Get ready, because little digital helpers are going to be in a lot of the things you buy next year.
You know what I want? I want a microwave oven that has Wi-Fi, a really good speaker, a small touchscreen and Google Assistant. I can make my Hot Pockets while listening to some music, and even tell my little digital buddy to add Pizza Rolls to the shopping list or to turn the heat up a little bit because my feet are cold. And I think I'm going to have the chance to buy it this holiday season because new chips from Qualcomm and changes to Android Things will make it easy to put Assistant in everything.
Cheap specialty hardware and free software makes it silly to not put a voice assistant in your next product.
That's what it takes to make it happen. Everyone is talking about Lenovo's Smart Display Google Assistant video thing-a-ma-jig they demoed at CES, but it's the tech you can't see that makes it happen. You need the right microprocessor(s) with support for the right things and an operating system that can power it all without adding too much overhead. That's what Qualcomm and other chipmakers like NXP, Intel or Broadcom and Google have quietly been doing.

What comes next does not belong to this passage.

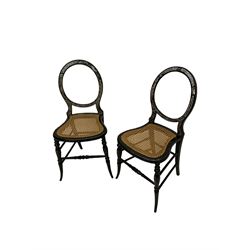 Pair Victorian balloon back bedroom chairs, black lacquered and decorated with mother of pearl in Greek key design, cane seats, on turned supports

Enter the Low Power Bluetooth SoC QCC5100 from Qualcomm. As you can tell from the name (who named it anyway?), it provides Bluetooth support and doesn't use a lot of power. Two very important things for any modern electronic device. What the name doesn't tell you is that it also has baked-in support for voice assistant services, Qualcomm TrueWireless Stereo, aptX HD audio, and integrated hybrid/active noise cancellation. This chip was designed just for headphones that use Google Assistant or Amazon's Alexa service. Other chips in development or already for sale offer similar support for specialty products.